An exact copy of the listing below is required, minus its pictures.

═════ Provided data ═════

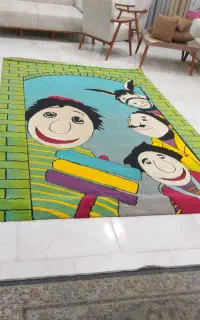 گلیم ۶ متری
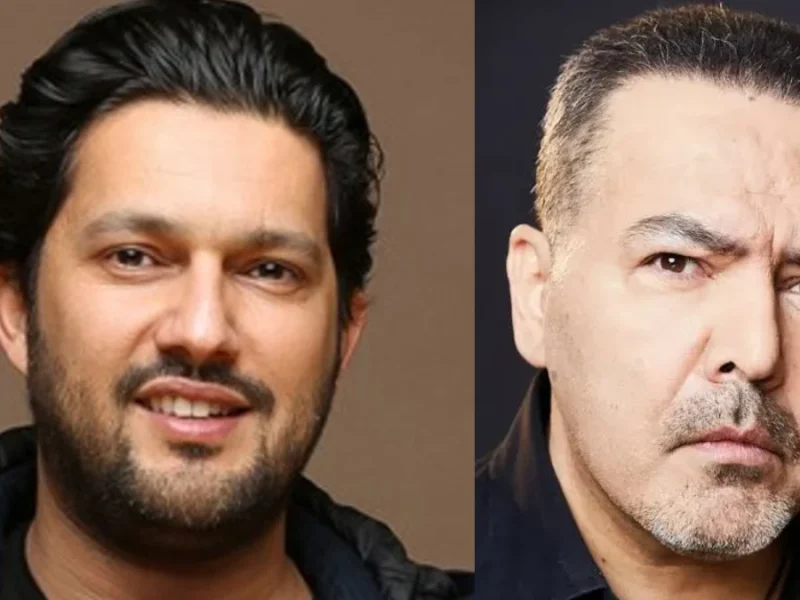 افشاگری سیروس الوند درباره تنش پشت‌صحنه «پرتقال خونی» میان حامد بهداد و فریبرز عرب‌نیا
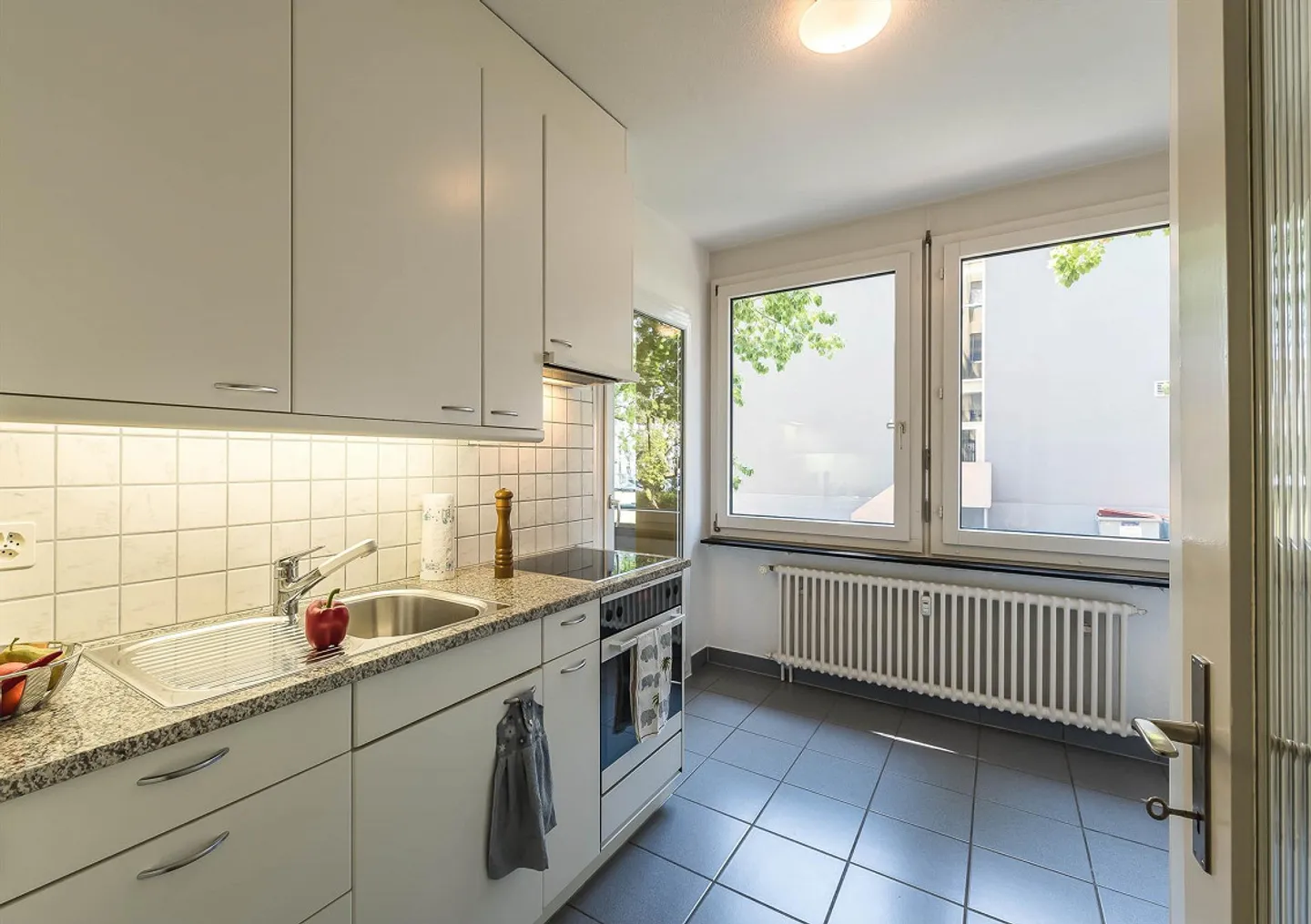 Vivere comodamente a Gellert! - Foto 3 di 7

═════

**Answer to this task**
 گلیم ۶ متری
 افشاگری سیروس الوند درباره تنش پشت‌صحنه «پرتقال خونی» میان حامد بهداد و فریبرز عرب‌نیا
 Vivere comodamente a Gellert! - Foto 3 di 7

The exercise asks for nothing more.